O problema é que de tal esquema mental se extraiu a ideia de que, em política, a moderação equivale ao conformismo e que o político moderado mais não é que um quietista, relapso a qualquer sombra de mudança ou transformação: uma espécie de bolor. Assim se tem procurado transformar a virtude da moderação, elemento incontornável da educação cívica ao longo de milénios, num defeito iníquo. Não é pequena façanha. A estratégia, reconheça-se, é hábil. Mas para que tal teoria vingasse seria preciso, desde logo, provar que sociedades moderadas são sociedades estagnadas, onde não se verificam melhorias do bem-estar dos cidadãos e da qualidade democrática. Se concedermos que as sociedades democráticas do pós-guerra são essencialmente sociedades moderadas – por temperamento ou arrependimento, por boa ou má consciência – chegaremos à conclusão de que lucramos incomparavelmente mais com a moderação do que com a conflitualidade. Registe-se que em Portugal até a Revolução de Abril foi, por comparação com outras, moderada. É evidente que o progresso comum acontece sobretudo em períodos de convergência em torno de objectivos consensuais, como seja a instauração e a manutenção de um Estado-Providência.

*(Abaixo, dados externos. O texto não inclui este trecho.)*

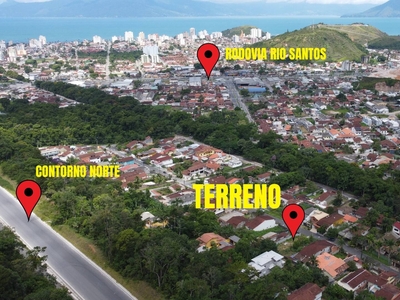 Terreno em Cidade Jardim, Caraguatatuba/SP de 360m² à venda por R$ 258.000,00
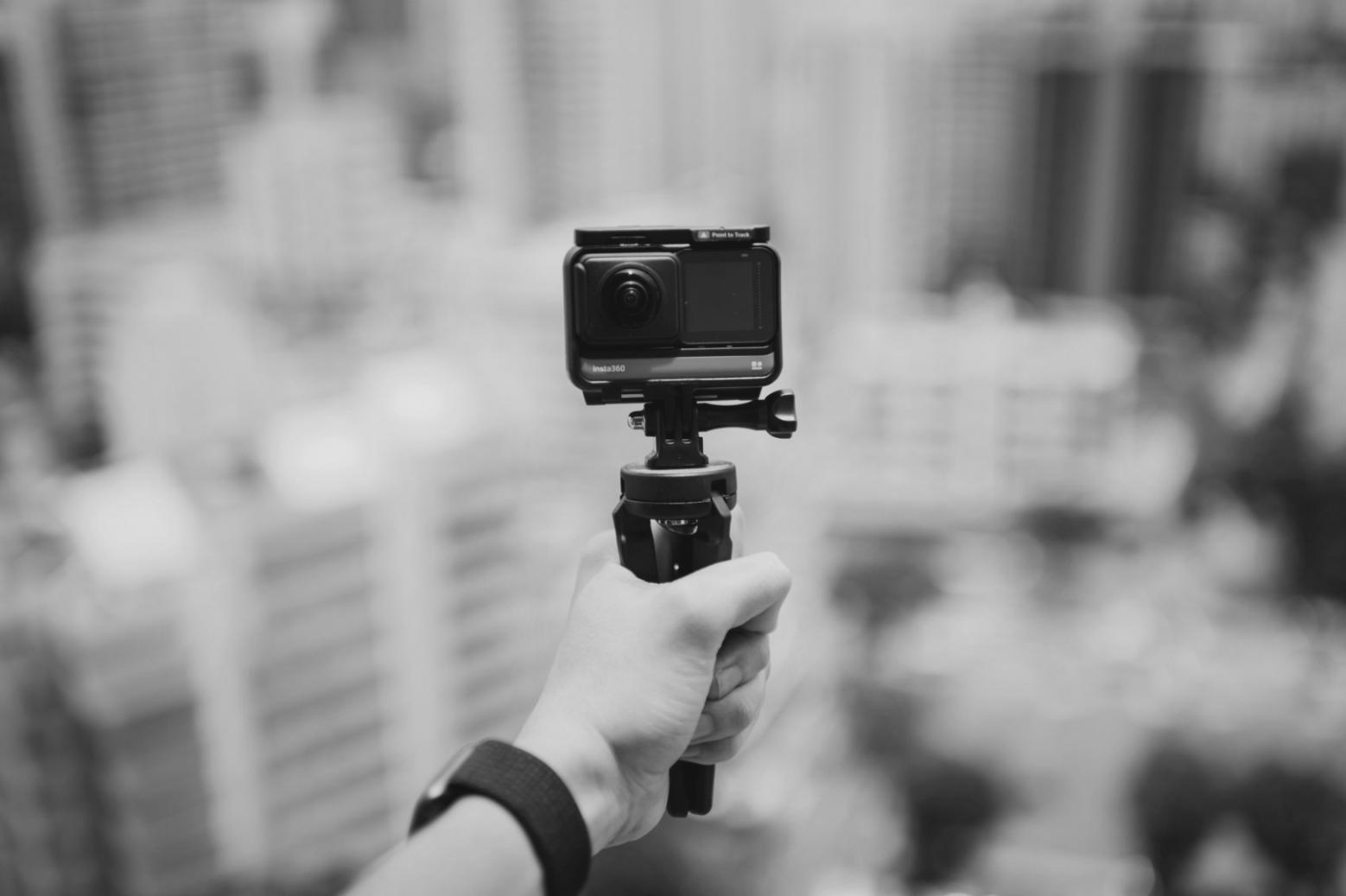 Filmset mit professioneller Beleuchtung während der Aufnahme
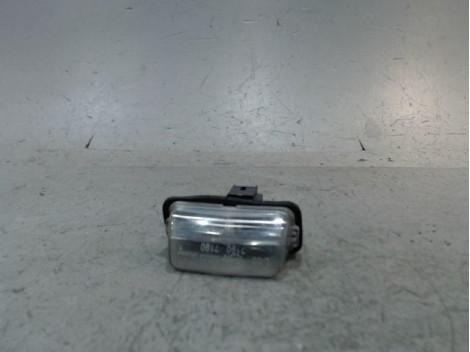 ECLAIREUR PLAQUE DE POLICE GAUCHE PEUGEOT 206
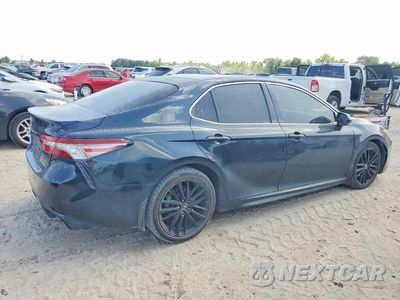 Trzecie zdjęcie samochodu z tyłu: 2018 TOYOTA CAMRY XSE VIN:4T1B61HK6JU669897 - miniatura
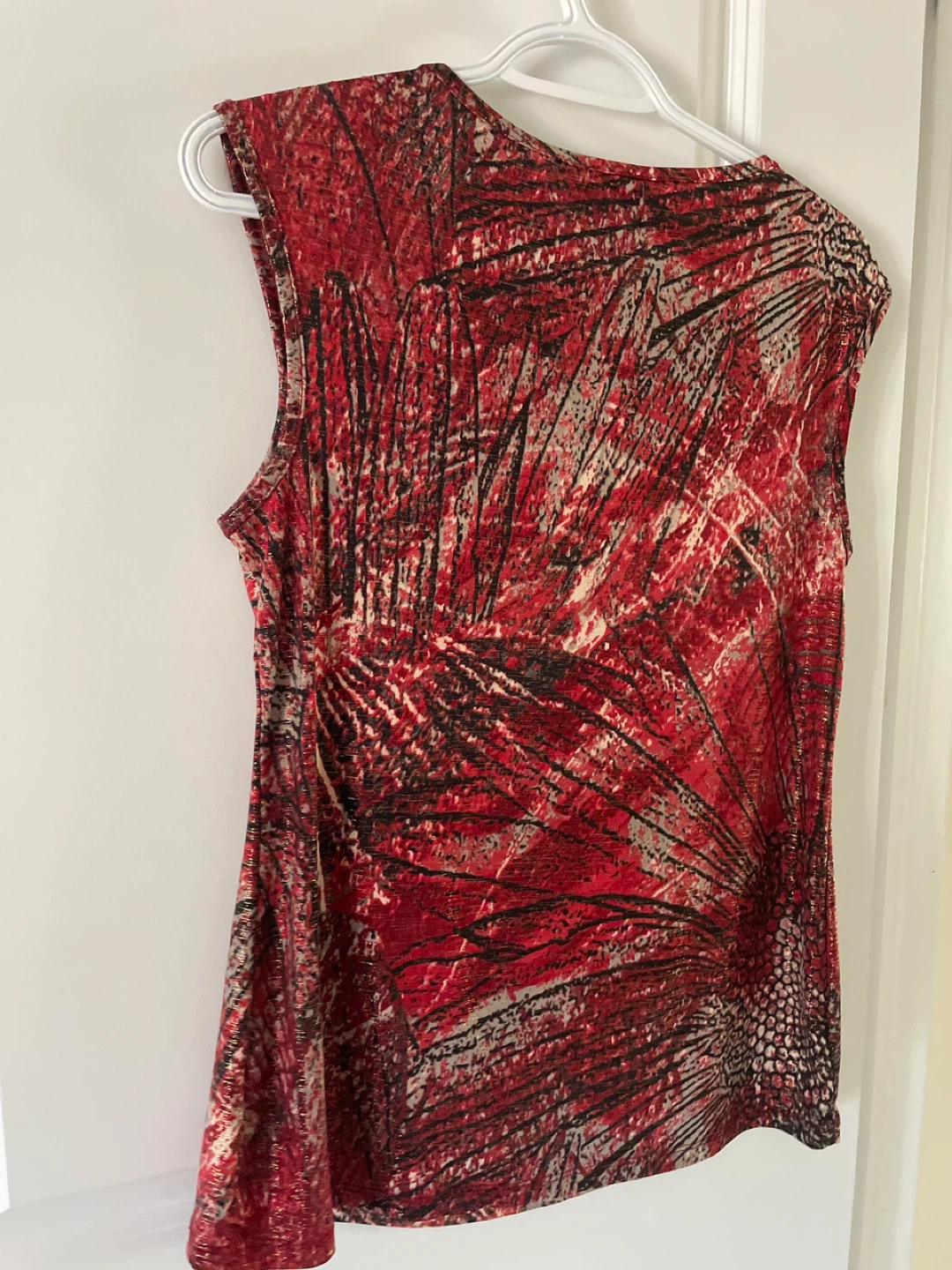 Reitmans Sleeveless Blouse - Red/Black Print - Size M - photo 4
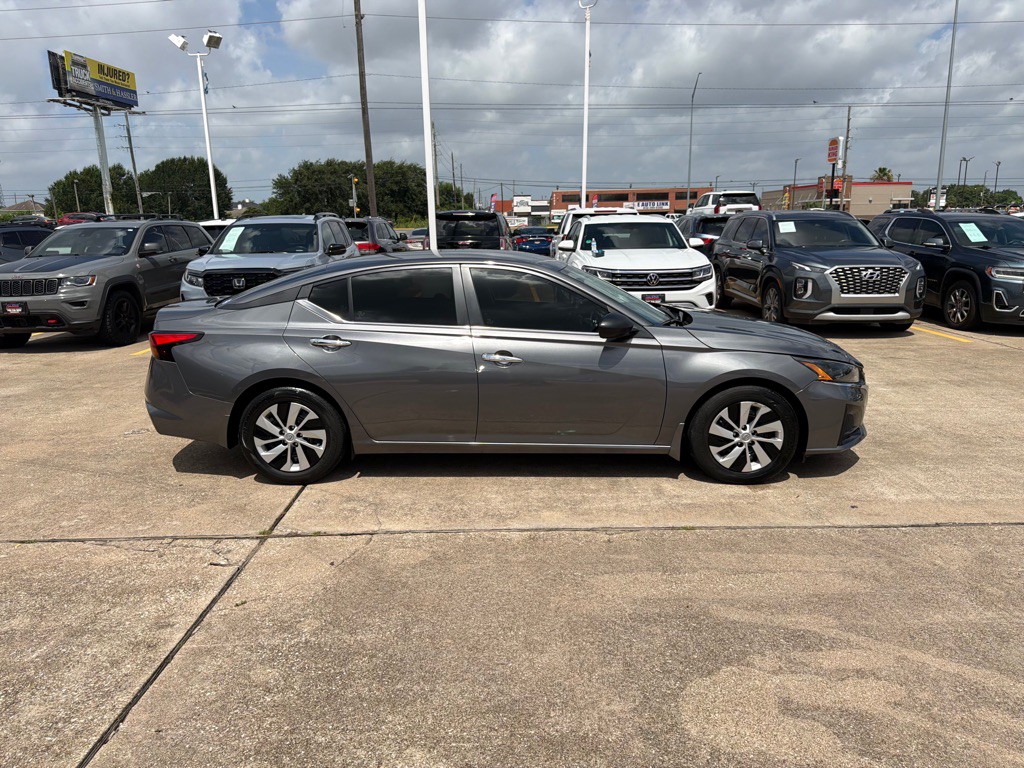 2024 Nissan Altima Image 7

Também a democracia portuguesa se alicerça em alguns consensos de fundo. Tais consensos foram concertados entre o centro-esquerda e o centro-direita ao longo das últimas décadas em torno de matérias como a integração na UE e na zona euro, a pertença à NATO, uma política externa coerente e, mais recentemente, a necessidade de controlo do défice público. Estes consensos foram revalidados no dia 4 de Outubro por 70% dos portugueses que votaram no PS ou na coligação e recusados por 20%, em números redondos. Àqueles que pretendem deduzir uma maioria de esquerda no Parlamento seguindo um critério puramente aditivo recomendava-se que fizessem também esta adição. A adesão do PCP e do BE a tais consensos seria por isso bem-vinda e mostraria compreensão pela escolha da larga maioria dos cidadãos. Se tal sucedesse, tornar-se-ia possível, em teoria, uma convergência verídica entre o PS e essas forças políticas em torno de matérias de política social, laboral ou fiscal. Nunca é de mais lembrar que no Portugal do PREC o socialismo democrático se afirmou pela identificação de um “elemento externo constitutivo”: o PCP e o seu projecto hegemónico. Quarenta anos depois, o PCP já não tem condições para receitar tal projecto ou para ser esse adversário constitutivo, mas a sua dogmática, salvo retoques cosméticos, pouco evoluiu.

Os deslizes cometidos durante a campanha eleitoral não apagam, de uma penada, o recomendável currículo de António Costa, homem de reconhecido talento negocial e habilidade política. É desta estirpe de qualidades que o PS precisa neste momento crítico para se assumir não como aquilo que alguns socialistas quiseram que ele fosse durante a campanha – um partido contestatário – mas como aquilo que sempre foi: um partido de governo que, com Mário Soares ou com António Guterres, privilegiou o progresso negociado no quadro dos consensos de fundo acima enunciados, quando não com outros partidos, com a sociedade civil.